▶ _About this task_: For the records below, please print exactly and only the lines from the one with "Megadeth - Peace Sells - USA Nummerplaat" down to the one with "Cudos Lira Oval", both ends included, omitting the pictures.

▶ _Study material_:
-- -- --

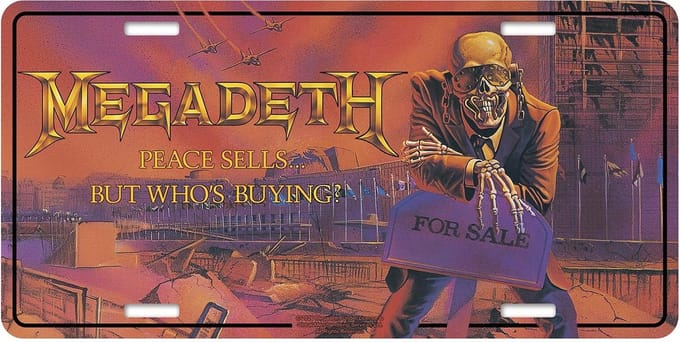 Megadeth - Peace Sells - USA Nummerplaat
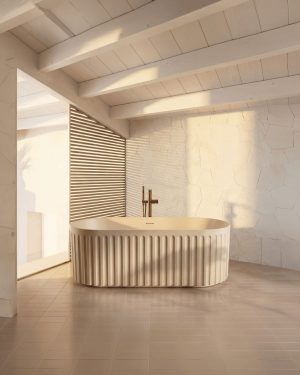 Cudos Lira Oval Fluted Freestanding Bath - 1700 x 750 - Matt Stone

-- -- --

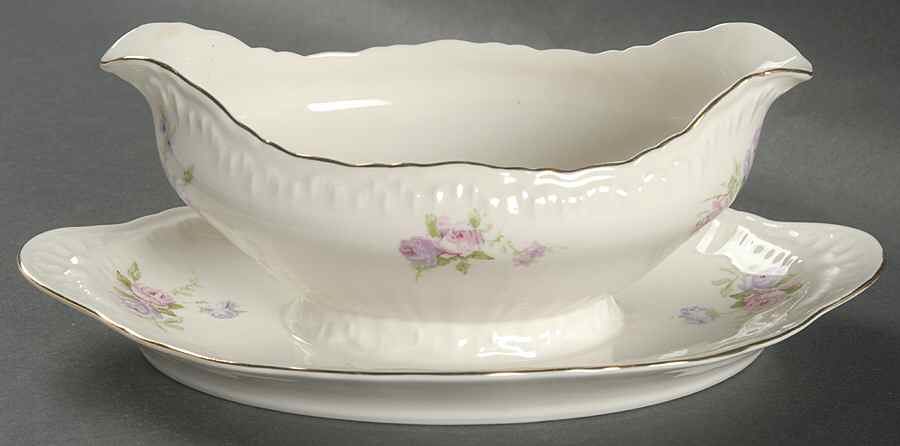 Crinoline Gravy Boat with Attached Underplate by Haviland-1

-- -- --

▶ _Written answer_:
 Megadeth - Peace Sells - USA Nummerplaat
 Cudos Lira Oval Fluted Freestanding Bath - 1700 x 750 - Matt Stone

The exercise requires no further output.